Day Seven of the Oregon Trail: Oregon at Last!

I guess I don’t need to apologize for how far behind I’ve gotten on these Oregon Trail posts, because it should just be taken for granted at this point. Argh. In the last week, I have been absolutely exhausted, mentally and physically, and work has been awful and stressful, and I just haven’t had it in me to blog. But I need to do something, so blogging it is.

Day Seven saw your plucky traveling blogger arrive in Oregon, the Promised Land!

It would be a few days before I reached Oregon City and the end of the Trail, but I was coming closer.

As I had traveled from landmark to landmark, seeing different museums and learning more about what kinds of hardships the emigrants endured on their journey, I started to think that these people must have been not only brave and hardy, but dumb as a sack of buffalo chips. “Those people are ridiculous,” I thought. “Nothing could be worth that.”

But when I passed into Oregon and got a good look around me, I had to say, “All right…I get it now.”

The first major stop in Oregon was Farewell Bend, where the Trail finally left the Snake River that it had been following for many miles.

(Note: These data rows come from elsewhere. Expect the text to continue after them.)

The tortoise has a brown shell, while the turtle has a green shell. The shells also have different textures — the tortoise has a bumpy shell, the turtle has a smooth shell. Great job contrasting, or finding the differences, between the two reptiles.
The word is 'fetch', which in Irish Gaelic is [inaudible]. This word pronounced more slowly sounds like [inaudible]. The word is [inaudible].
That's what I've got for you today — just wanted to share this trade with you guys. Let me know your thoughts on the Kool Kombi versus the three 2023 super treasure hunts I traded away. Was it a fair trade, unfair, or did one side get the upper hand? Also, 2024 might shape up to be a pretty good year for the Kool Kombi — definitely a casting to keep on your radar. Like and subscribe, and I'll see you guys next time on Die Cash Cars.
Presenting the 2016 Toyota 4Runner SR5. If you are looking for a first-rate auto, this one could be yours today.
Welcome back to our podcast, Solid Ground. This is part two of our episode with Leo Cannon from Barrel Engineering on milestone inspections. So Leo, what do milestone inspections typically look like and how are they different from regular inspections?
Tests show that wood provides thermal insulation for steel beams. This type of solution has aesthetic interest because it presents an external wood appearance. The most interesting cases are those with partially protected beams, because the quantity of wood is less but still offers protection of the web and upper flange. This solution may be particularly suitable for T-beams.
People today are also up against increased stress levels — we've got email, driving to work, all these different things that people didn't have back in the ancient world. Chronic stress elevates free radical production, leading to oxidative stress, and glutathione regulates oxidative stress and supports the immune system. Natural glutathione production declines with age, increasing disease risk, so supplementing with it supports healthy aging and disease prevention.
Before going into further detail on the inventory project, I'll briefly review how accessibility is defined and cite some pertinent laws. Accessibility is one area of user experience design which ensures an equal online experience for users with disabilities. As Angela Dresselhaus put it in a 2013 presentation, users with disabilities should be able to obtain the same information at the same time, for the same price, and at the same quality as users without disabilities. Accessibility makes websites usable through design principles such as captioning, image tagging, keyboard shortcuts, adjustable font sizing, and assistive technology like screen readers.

Sorry for the spottiness of this photo, but I took it from my car, through the windshield
My final look at the gorgeous Snake River

“I LOOK ONCE MOOOOOOOOOOORE JUST AROUND THE RIVERBEEEEEEEEND…”

Then I traveled through the gorgeous landscape…

…to Baker City, where they had one of the better Oregon Trail-centered museums.

What a surprise, another model wagon

The museum (sorry, “interpretive center”) had a lot of displays of things that I took pictures of and now I can’t remember what they were. Because it was inside, I took pictures with my iPod, but the quality was so bad I can’t even read the signage.

Clearly this was a map…of…something…
There were a lot of interactive exhibits to make you think about what the pioneers had to take or leave behind, what was essential or not
I dunno, if it’s leather-bound, it probably tastes like jerky
They had some very detailed and lifelike, if slightly creepy, displays of what trail life might look like
Loki and Thor came along for the experience
I did have to keep them from being trampled by the wagon master

The interpretive center itself was on a high hill in view of the Blue Mountains. Not so shabby a vista, I have to say.

And Baker City was a decent little place with a cute downtown area, but I didn’t think to get my own photos of it. I tried to do a Google Image search for a picture or two to “borrow” but I didn’t find anything good enough there, either. Oh, well.